The Neuberger update was the first official version of the Biden government on the extent to which government networks were broken. At the time of her comments, all but nine agencies had already been set as targets (these include: the State Department, DHS and the Departments of Energy, Justice, Commerce, Treasury and the National Institutes of Health). Now it looks like the Washington Post has identified the hooligans. According to the report of the paper:
Last week, Neuberger said the government found that computer systems at nine federal agencies had been compromised. She did not mention it, but The Post confirmed the identity with U.S. officials. These include NASA and the Federal Aviation Administration, which have not previously been publicly identified.
It is unknown what access the hackers had to one of the agencies. But, officials said that, in cases where the gtakeover was violated, all data stolen was not classified and that operating systems were never obtain. NASA reportedly told the newspaper that it was continuing to work with the US cyber agency CISA on “mitigation efforts to secure NASA’s data and network.” We reached out to both NASA and FAA for comment and will stay tuned if they respond.
The revelations make little contribution to the overall story of ‘SolarWinds’, but underscore the scale of the intel collection operations carried out against US targets by foreign operators. They also raise speculation about the possible damage that a more heinous cyber campaign could cause. It is indeed not very comforting to think that hackers are targeting the federal agency that oversees that planes do not crash.
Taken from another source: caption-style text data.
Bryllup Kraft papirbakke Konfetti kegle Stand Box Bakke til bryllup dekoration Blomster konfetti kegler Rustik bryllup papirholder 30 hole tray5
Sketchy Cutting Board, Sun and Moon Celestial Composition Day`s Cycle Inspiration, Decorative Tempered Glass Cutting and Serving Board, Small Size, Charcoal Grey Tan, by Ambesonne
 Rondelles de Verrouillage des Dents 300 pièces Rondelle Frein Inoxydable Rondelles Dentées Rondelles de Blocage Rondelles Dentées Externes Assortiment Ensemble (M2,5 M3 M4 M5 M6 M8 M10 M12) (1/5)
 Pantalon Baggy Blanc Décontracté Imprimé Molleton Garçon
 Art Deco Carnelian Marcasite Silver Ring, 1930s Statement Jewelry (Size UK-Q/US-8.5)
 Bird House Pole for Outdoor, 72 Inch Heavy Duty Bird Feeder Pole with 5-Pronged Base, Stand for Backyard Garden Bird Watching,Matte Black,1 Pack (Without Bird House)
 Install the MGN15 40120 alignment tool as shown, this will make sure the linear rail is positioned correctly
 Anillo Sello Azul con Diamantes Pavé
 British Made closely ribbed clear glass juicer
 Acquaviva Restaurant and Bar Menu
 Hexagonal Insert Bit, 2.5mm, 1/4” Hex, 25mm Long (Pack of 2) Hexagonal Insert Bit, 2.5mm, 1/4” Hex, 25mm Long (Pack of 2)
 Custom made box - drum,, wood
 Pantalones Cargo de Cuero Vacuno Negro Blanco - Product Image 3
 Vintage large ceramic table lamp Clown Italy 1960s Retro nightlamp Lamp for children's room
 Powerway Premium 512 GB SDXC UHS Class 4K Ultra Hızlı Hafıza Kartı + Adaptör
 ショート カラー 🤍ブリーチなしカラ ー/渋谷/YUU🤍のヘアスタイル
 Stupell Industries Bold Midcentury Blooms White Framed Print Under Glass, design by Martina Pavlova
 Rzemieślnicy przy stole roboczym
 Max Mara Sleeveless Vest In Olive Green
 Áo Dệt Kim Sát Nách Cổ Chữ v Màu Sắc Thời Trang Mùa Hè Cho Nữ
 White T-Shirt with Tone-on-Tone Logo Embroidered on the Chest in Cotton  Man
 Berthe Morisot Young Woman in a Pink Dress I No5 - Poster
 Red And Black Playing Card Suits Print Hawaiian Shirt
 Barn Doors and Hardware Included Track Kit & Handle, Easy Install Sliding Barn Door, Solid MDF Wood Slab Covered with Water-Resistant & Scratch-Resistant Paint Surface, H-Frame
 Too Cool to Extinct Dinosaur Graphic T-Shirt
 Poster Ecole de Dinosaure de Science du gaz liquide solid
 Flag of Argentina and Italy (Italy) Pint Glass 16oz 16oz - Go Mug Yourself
G / O Media can get a commission
Details of the violations continued at a steady pace as federal investigations into the burglaries increased. As the US blames Russia for the time being for the attacks (some reports have shown China can also be involved) the Biden administration believes the preparation of sanctions in retaliation.
The U.S. Senate Intelligence Committee on Tuesday held one of several recent hearings on the matter, with representatives from many of the IT companies targeted by the campaign (including SolarWinds, Microsoft, FireEye and CrowdStrike). The trial yielded little new information, but committee chairman Mark Warner summed up perhaps the best issues about ‘SolarWinds’ as follows:
One of the reasons why the SolarWinds hack is particularly concerned is that it was not detected by the US government’s cyber security company or anyone else, until the private cyber security firm FireEye publicly announced that it was violating its own network by an Intruder of a ‘nation-state’. A very big question that comes to my mind is: would FireEye not have detected this compromise in December … would we still be in the dark today?
That’s a good point. How did America’s national security state miss this one? Why were the hackers allowed to win as much field as they did? We’ll probably have to sit tight for one. Officials said it was likely to be take months to conduct a full investigation.